The StringJAX ecosystem

The StringJAX ecosystem#

StringJAX is a project and brand, not a single physics package. The code lives in independent, separately versioned, separately citable repositories that interoperate through well-defined, version-pinned interfaces.

This page is the orientation map. Each member package has its own authoritative documentation; the descriptions below link out to those.

Public member packages#

jaxvacua — Type IIB flux-vacuum engine

The package described in the StringJAX release paper. Covers periods and special geometry; the Kähler potential, Kähler metric, and gauge-kinetic matrix; the flux superpotential and its covariant derivatives; vacuum finding through ISD sampling, linearised ISD optimisation, and Newton-type solvers; flux bounding; conifold and coni-LCS limits; and reduced (freezer) effective theories.

pip install jaxvacua  ·  GitHub  ·  docs (when public)

https://jaxvacua.readthedocs.io
jaxpolylog — Differentiable polylogarithms

JAX-compatible polylogarithm functions with automatic differentiation and JIT support, used by jaxvacua to resum worldsheet-instanton contributions to the prepotential. Designed to stay numerically stable through arbitrary-order automatic differentiation, including in deep large-complex-structure regimes where \(|z|\) may be as small as \(10^{-30}\).

pip install jaxpolylog  ·  GitHub  ·  docs

https://jaxpolylog.readthedocs.io
stringforge — Databases and vacua vault

The data layer: curated Calabi–Yau geometry databases (TDF, CICY, KKLT) served from HuggingFace and cached locally, together with the persistent vault of flux vacua. Owns I/O, caching, mirror-convention bridging, model loading, and vault layout / validation / curation; remains solver-light.

pip install stringforge  ·  GitHub  ·  docs (when public)

https://github.com/AndreasSchachner/stringforge

How they fit together#

        flowchart LR
    subgraph data[Data layer]
        SF[stringforge<br/>CY databases + vacua vault]
    end
    subgraph compute[Compute layer]
        JV[jaxvacua<br/>flux-vacuum engine]
        JP[jaxpolylog<br/>differentiable polylogs]
    end
    DATASETS[(HuggingFace<br/>cy-database)]
    SF --> JV
    JP --> JV
    DATASETS --> SF
    JV --> RESULTS[Vacua + observables]
    RESULTS --> SF

In words:

  • stringforge hosts the data the rest of the ecosystem consumes – Calabi–Yau geometries plus a persistent vault of flux vacua – and exposes them as cached, lazily-loaded objects.

  • jaxpolylog is a pure-leaf dependency. It provides the polylogarithm primitive that jaxvacua calls to evaluate worldsheet-instanton corrections.

  • jaxvacua is the physics engine. It consumes geometries from stringforge and the polylog primitive from jaxpolylog, constructs the flux effective theory, solves for vacua, and writes the result back to the stringforge vault for archival and reuse.

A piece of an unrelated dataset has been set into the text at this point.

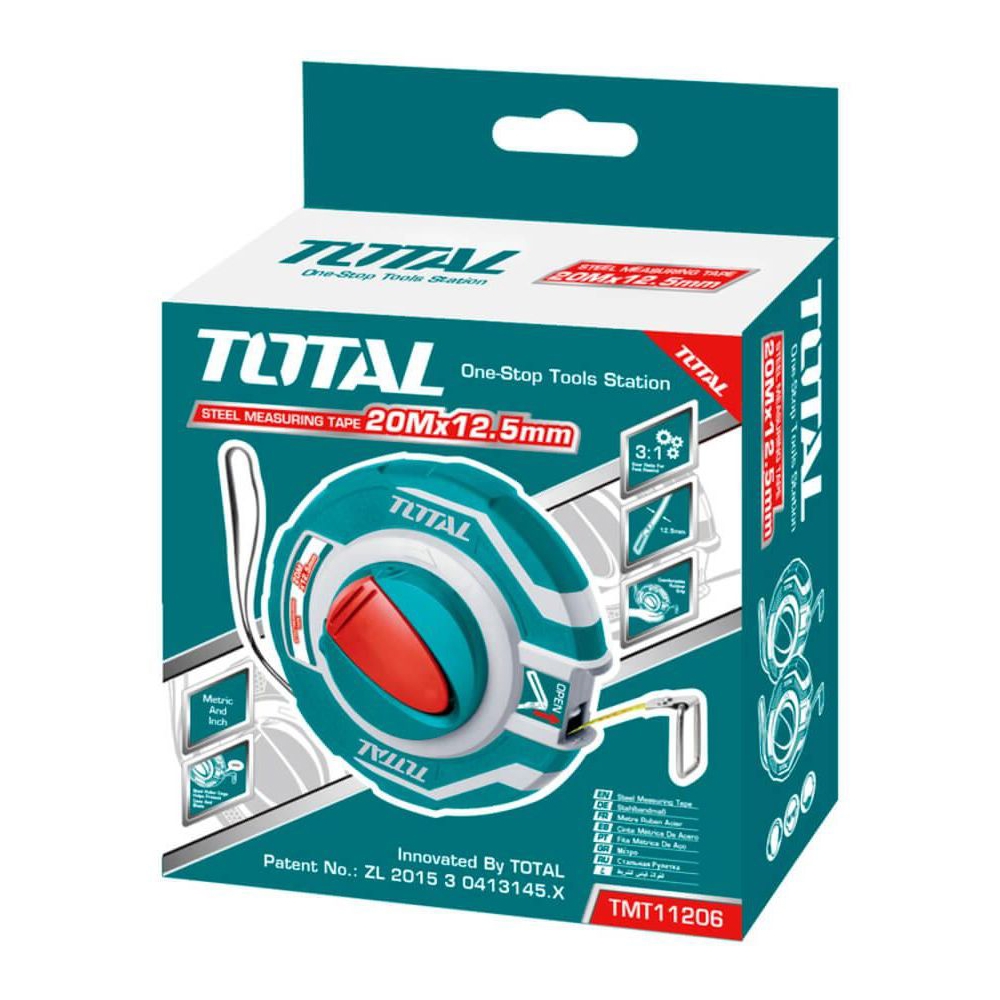 Total TMT11206, 20M, Measuring Tape, Blue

The umbrella stringjax package itself does not introduce any physics or new APIs. It pins the compatibility window of the three member packages and ships a thin command-line tool (stringjax doctor, stringjax versions) for environment checks.

Member-package boundaries#

Physics computations

Period vectors, prepotentials, Kähler structures, flux \(F\)-terms, scalar potentials, Hessians, mass matrices, ISD samplers, conifold limits, freezer EFTs.

Owned by jaxvacua.

Special functions

JAX-compatible polylogarithms with autodiff.

Owned by jaxpolylog.

Data movement

HuggingFace download / cache, mirror-convention bridging, model loading, vault layout, validation, curation.

Owned by stringforge.

Compatibility

Version pins, command-line environment checks, getting-started glue, this documentation hub.

Owned by stringjax.

The boundaries are deliberate. Each member package can evolve at its own pace, be released with its own DOI, and be cited independently. StringJAX guarantees that a recent combination of versions tested together is the easy default.

Planned siblings#

Future member packages are planned but not yet public. They will be released with their own repositories, papers, and documentation sites, and added to the ecosystem with their own compatibility windows.

  • Kähler-sector extensions – moduli stabilisation for the Kähler sector of general four-dimensional \(\mathcal{N}=1\) effective theories.

  • Axion-sector extensions – spectra, decay constants, and couplings for multi-axion effective theories.

The shape of the ecosystem (a thin umbrella, multiple physics packages, a shared data layer, a leaf special-functions package) is chosen so that adding such siblings is a routine extension rather than a re-architecture.